[MDEV-33057] alter table form s3 to different engine on leader break replicas with binlog_alter_two_phase; Created: 2023-12-18 Updated: 2023-12-18 |
|
| Status: | Open |
| Project: | MariaDB Server |
| Component/s: | Replication, Storage Engine - S3 |
| Affects Version/s: | 10.11.6 |
| Fix Version/s: | None |
| Type: | Bug | Priority: | Major |
| Reporter: | VAROQUI Stephane | Assignee: | Unassigned |
| Resolution: | Unresolved | Votes: | 0 |
| Labels: | None | ||
| Issue Links: |
|
||||||||
| Description |
|
On a replication cluster using mixed InnoDB tables ( active dataset) and S3 tables ( read only dataset) stored on a single shared s3 server. At some point to modify the content of any s3 table, we can alter it back to InnoDB on the leader of the replication cluster The new InnoDB table get deleted on all replicas probably via table discovery breaking the capability to failover the cluster without a filter on the modified table.

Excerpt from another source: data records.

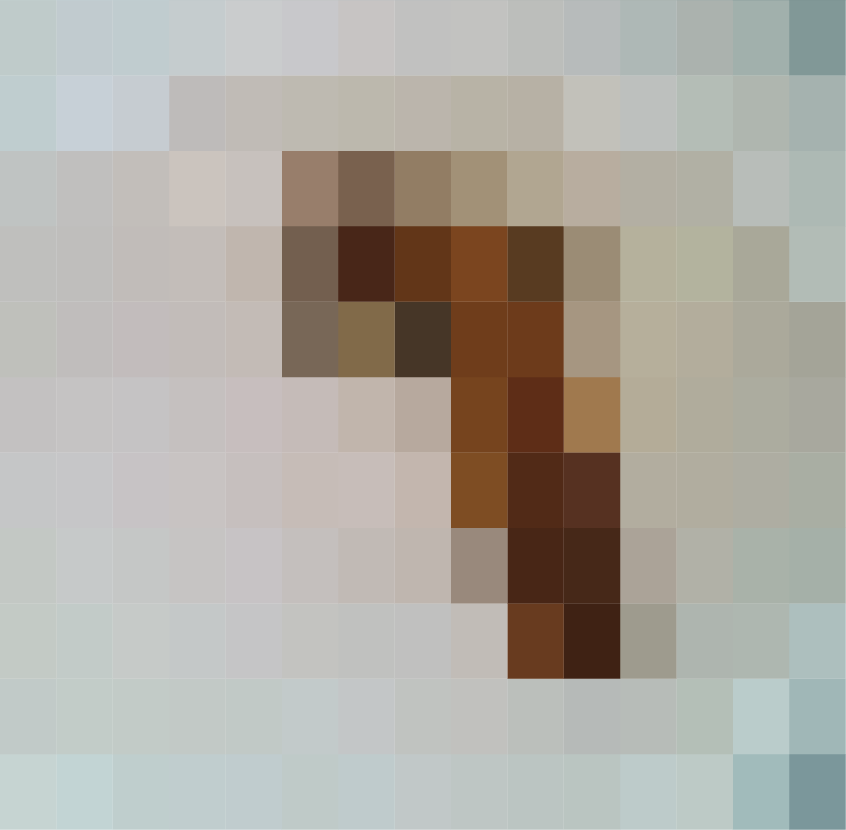 Stool sample cracked sausage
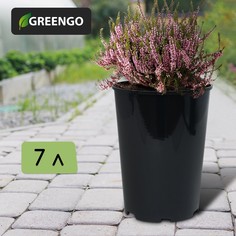Горшок для рассады, 7 л, d = 22 см, h = 26 см, черный, greengo
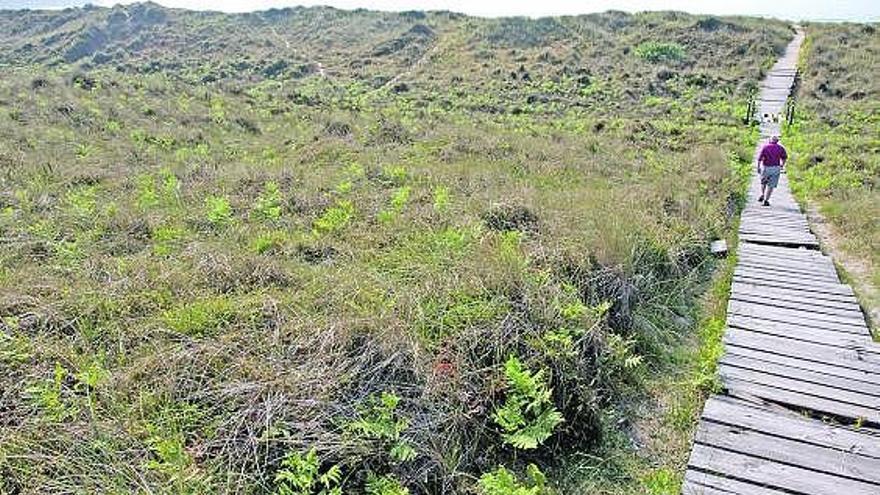 Roque García pasea por la pasarela de madera de acceso a la playa de Xagó.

The solution would be to inject DDL create or replace and all row events of the fetched row to innodb to materialized the innodb table on all replicas and looking at the binlogs we can see a tentative of doing this using binlog-alter-two-phase The reason it failed in optimistic and semi-sync the replication SQL thread receive the alter table but deadlock with a drop table
killing the alter and the drop table SQL threads and restart slave recover the innodb table on replicat for the record we used
We can confirme that disabling set global binlog_alter_two_phase=OFF; as suggested by @Kristian Nielsen is a valid workaround and table get restored on all replicas without replication issues |
| Comments |
| Comment by Kristian Nielsen [ 2023-12-18 ] |
|
I do not follow from the description why the table gets deleted on the replicas. Maybe I'm not sufficiently familiar with how S3 tables work - are they physically stored in some S3 cloud storage, with a storage engine layer that merely translates between SQL and corresponding network requests to the S3 storage? If the ALTER TABLE t_s3 ENGINE=InnoDB succeeds on the leader, then why doesn't it work the same on the replicas? Is the intention that the table should be altered to InnoDB on all the replicas, or only on the leader? I also did not understand the proposed solution "to inject cre", can you elaborate what "cre" means? |
| Comment by Kristian Nielsen [ 2023-12-18 ] |
|
From Zulip discussions, found that --binlog-alter-two-phase appears to be enabled. This explains how alter table and DROP TABLE end up replicating in parallel, and probably indicates a bug in the --binlog-alter-two-phase feature. |